Lord Byron - Ténèbres
J’eus un rêve ; il ne fut pas pleinement un rêve.
L’éclatant soleil s’était éteint, les étoiles
Erraient obscurcies parmi l’espace éternel,
Sans rayons ni chemins, et la terre glaciale
Aveugle balançait, noire dans l’air sans lune ;
L’aube fuit – vint, stérile du moindre jour.
Les hommes laissèrent leurs passions dans l’effroi
De leur désolation, où les cœurs se gelèrent
En une prière égoïste à la lumière.
Il vécurent en veillant aux feux. Et les trônes,
Les palais des maîtres couronnés – et les huttes,
Les demeures de tous les êtres qui se logent,
Furent des phares : se consumèrent les villes,
Les hommes affluaient à l’entour de ces îles
De la clarté, pour sonder les visages des autres.

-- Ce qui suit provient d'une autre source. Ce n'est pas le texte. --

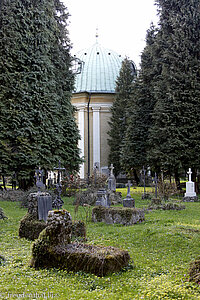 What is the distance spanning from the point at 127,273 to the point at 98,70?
31.2 m

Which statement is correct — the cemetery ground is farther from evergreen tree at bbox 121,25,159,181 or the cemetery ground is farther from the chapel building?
the chapel building

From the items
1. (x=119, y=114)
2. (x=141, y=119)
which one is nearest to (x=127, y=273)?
(x=141, y=119)

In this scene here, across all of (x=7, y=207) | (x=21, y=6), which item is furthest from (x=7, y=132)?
(x=21, y=6)

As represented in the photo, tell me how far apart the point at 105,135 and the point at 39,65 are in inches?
590

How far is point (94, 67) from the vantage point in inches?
1351

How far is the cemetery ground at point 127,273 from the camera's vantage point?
383 cm

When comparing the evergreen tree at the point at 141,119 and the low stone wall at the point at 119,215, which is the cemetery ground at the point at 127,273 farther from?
the evergreen tree at the point at 141,119

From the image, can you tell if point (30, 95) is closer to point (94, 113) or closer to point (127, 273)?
point (127, 273)

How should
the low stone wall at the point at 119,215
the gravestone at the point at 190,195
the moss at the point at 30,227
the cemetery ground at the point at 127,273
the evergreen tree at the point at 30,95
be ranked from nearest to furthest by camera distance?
1. the cemetery ground at the point at 127,273
2. the moss at the point at 30,227
3. the low stone wall at the point at 119,215
4. the gravestone at the point at 190,195
5. the evergreen tree at the point at 30,95

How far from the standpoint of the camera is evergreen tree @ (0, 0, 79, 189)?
1650 cm

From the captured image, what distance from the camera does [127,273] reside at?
4.70m

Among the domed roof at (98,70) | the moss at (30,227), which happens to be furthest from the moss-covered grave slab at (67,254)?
the domed roof at (98,70)

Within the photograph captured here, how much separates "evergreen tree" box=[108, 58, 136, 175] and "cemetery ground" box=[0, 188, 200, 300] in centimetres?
2184

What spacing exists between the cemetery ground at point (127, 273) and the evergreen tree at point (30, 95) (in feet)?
29.7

Bienheureux ceux qui habitaient auprès des feux
Volcanique, et de leurs torches montagneuses :
Le monde ne connut qu’une espérance affreuse.

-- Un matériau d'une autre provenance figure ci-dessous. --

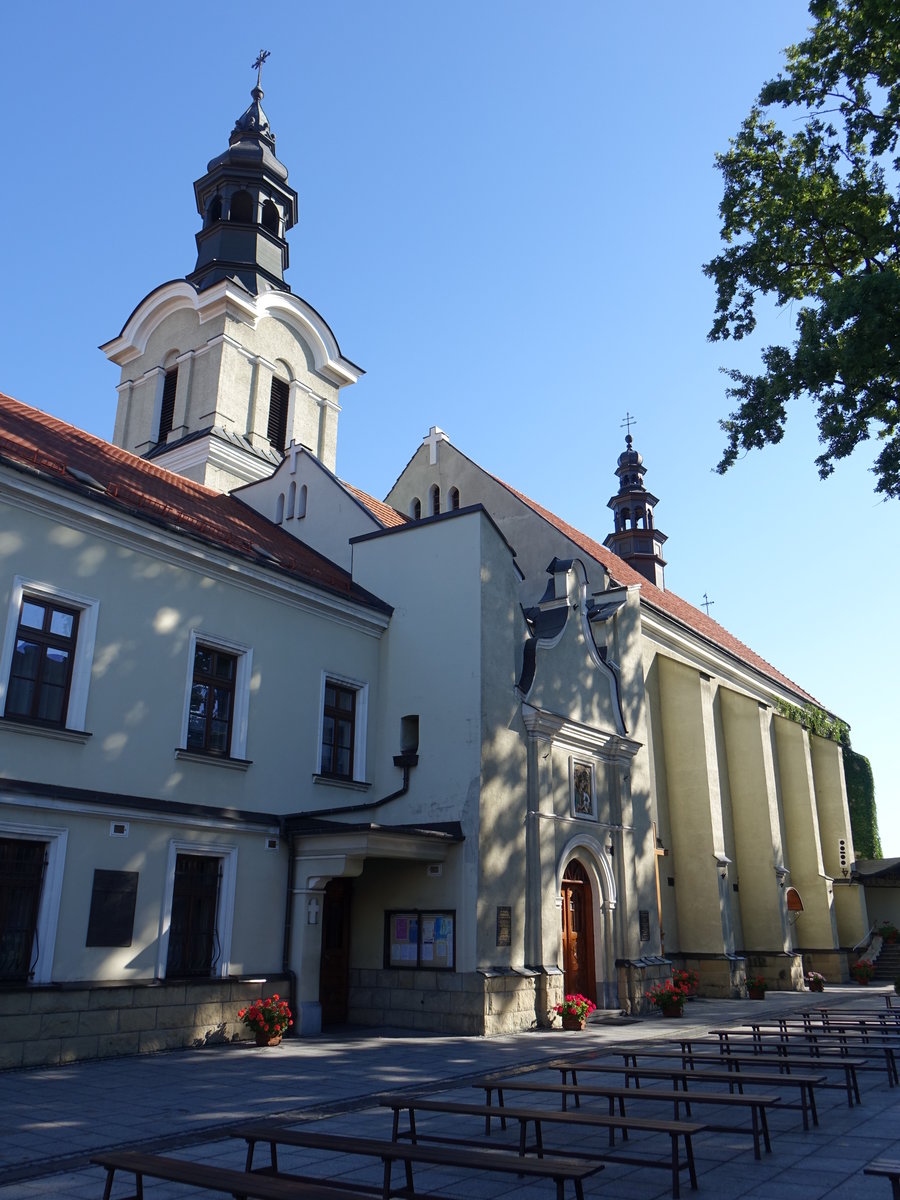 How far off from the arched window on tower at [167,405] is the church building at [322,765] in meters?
2.68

On incendia les forêts – mais heure par heure
Elles s’effondrerent – et les troncs crépitants
S’éteignaient avec un craquement. – Tout fut noir.
Les front humains, à la lumière sans espoir,
Prirent un aspect irréel, comme en accès
Les éclairs fondaient sur eux ; les uns s’abattaient,
Voilaient leurs larmes ; d’autres demeuraient inertes,
Le menton sur leur poings crispés, et souriant ;
Tels s’empressaient çà et là, soucieux de nourrir
D’huile leur monceau funèbre, puis de quérir
En une inquiétude démente le ciel lourd,
Linceul d’un monde révolu ; puis, blasphémant,
Abaissaient leurs regards, sondant la poussière,
Claquaient des dents, hurlant ; et les oiseaux sauvages
Criaient et, terrifiés , frémissaient sur le sol,
L’aile inutile ; et les bêtes les plus féroces
Dociles allaient en tremblant ; jusqu’aux vipères
Rampaient afin de se tordre en la multitude,
Le sifflet impuissant – on les tua, s’en nourrit.

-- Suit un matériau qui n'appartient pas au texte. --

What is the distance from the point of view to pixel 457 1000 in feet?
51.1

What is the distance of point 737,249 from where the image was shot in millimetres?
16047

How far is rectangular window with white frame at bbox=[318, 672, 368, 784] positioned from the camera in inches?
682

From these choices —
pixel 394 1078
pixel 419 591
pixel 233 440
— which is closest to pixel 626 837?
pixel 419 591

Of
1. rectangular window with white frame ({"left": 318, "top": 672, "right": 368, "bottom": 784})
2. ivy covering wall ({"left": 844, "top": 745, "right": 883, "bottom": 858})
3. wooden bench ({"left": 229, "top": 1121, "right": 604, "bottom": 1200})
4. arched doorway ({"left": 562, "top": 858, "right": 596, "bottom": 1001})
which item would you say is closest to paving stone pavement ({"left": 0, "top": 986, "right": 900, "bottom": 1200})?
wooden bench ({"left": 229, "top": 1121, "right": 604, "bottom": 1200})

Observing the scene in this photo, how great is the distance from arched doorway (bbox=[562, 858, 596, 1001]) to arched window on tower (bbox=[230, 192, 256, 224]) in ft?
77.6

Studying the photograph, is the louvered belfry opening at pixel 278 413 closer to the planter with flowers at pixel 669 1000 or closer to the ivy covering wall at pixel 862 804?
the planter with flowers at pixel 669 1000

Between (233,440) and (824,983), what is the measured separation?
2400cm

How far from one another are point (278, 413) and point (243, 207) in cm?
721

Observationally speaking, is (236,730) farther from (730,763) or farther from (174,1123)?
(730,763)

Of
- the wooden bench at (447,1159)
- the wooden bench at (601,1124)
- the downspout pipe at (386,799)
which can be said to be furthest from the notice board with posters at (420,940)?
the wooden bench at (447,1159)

La guerre, qui s’était un instant suspendue,
Encore renchérit : l’on acquit des repas
Au prix du sang, chaque solitaire obstiné
S’empiffrant dans ce sombre où n’était nul amour ;
La terre en son entier n’était qu’une pensée :
Que la mort, immédiate et sans gloire ; les affres
De la faim repaissaient toute entraille – les hommes
Succombaient, chairs et os gisant sans sépulture ;
Les maigres, des maigres, tôt furent dévorés.
Jusqu’aux chiens assaillaient leurs maîtres, hors un seul,
Fidèle à un cadavre, et qui le préservait,
Des bêtes et hommes affamés, pour qu’enfin
La faim les emporte, ou que les morts s’effondrant
Séduisent leurs mâchoires efflanquées ; lui même
Insoucieux d’aliments, d’un long gémissement,
Recoupé de cris désolés, léchait la main
Ne répondant par nulle caresse – il mourut.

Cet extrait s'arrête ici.